Most homeowners carry a form of homeowners insurance that is “open peril.” It covers all perils unless they are specifically excluded. Flood damage is typically excluded from these types of policies.
Separate flood insurance sold by private insurance companies through the National Flood Insurance Program can provide protection from the peril of flood damage, but coverage is capped at $250,000 for residential homes and $500,000 for businesses. The coverage extends to damage caused by natural or man-made floods, excluding some acts of war or terrorism.
Flood insurance is different because writing policies on flood loss is an unattractive market for private insurers. Floods create massive systematic risk for insurance companies and open the door to balance-sheet destroying losses. Earthquakes, war and volcano damage also are excluded from homeowners policies under the same principle. Flood insurance may be optional or forced upon the homeowner by a housing lender, based on the odds and severity of a home flooding. This risk is determined by flood plain maps and estimates of catastrophic events.
The Consumer Federation of America estimates that only two in 10 Harvey-affected homeowners had flood insurance on their property.
Should the government step in and create a risk pool for natural disasters such as flooding?
The lack of private flood insurance coverage options certainly does create a gap. This gap is filled by the National Flood Insurance Program, which was created in 1968 and was intended to be self-sustaining and mimic auto and homeowners policies: charge premiums, invest reserves, pay claims.
Unfortunately, this program has been quietly spiraling out of control and quickly running out of money. Recent estimates say the program is around $25 billion in debt. Legislatively, it can only borrow another $5.8 billion to pay out claims. Somewhere around 5 million policies are in place, and almost 9 percent of those are in counties within Texas and Louisiana that may have been impacted by Hurricane Harvey.
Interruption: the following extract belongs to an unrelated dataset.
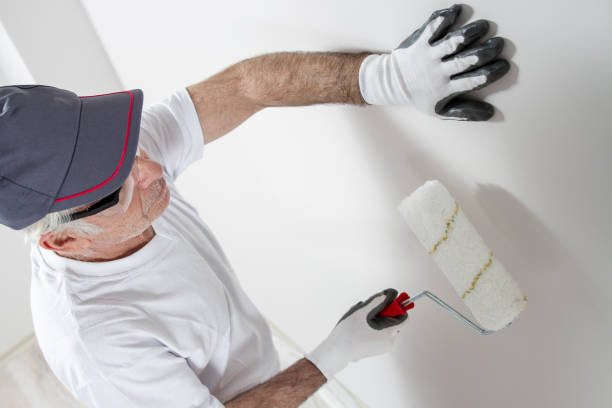 Best Mold Odor Removal Services  in Reno, NV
A flaw with the entire program is that flood plain maps do not reflect climate change or damage from previous storms to infrastructure and coastline. What these outdated maps and assumptions do is paint a false picture of true risk. Without true risk, fewer lenders force homeowners to purchase coverage. And without accurate prediction mechanisms, flood insurance premiums are absurdly low.
Our flood insurance market is a bubble similar to the 2008 mortgage crisis, only with more deadly outcomes: mispriced risks, and homes that don’t have protection when homeowners may think they do.
In sum, our flood insurance model is broken, and it’s only likely to get worse. The National Flood Insurance Program is set to expire Sept. 30. It will be up to Congress to renew or revise the program by that deadline.
What fixes would you like to see to the current system?
A shored-up system would require more sophisticated risk pricing that takes into account climate change, population surges and aging infrastructure. Premiums would have to increase dramatically to a point where we are accurately assessing the risk of living near coastal areas and rivers.
Alternatively, we could compel all homeowners to pay into a risk pool and take advantage of the law of large numbers. Perhaps a combination of both methods.
Whatever the fix is, it must include transparent and accurate assessments of flood risk.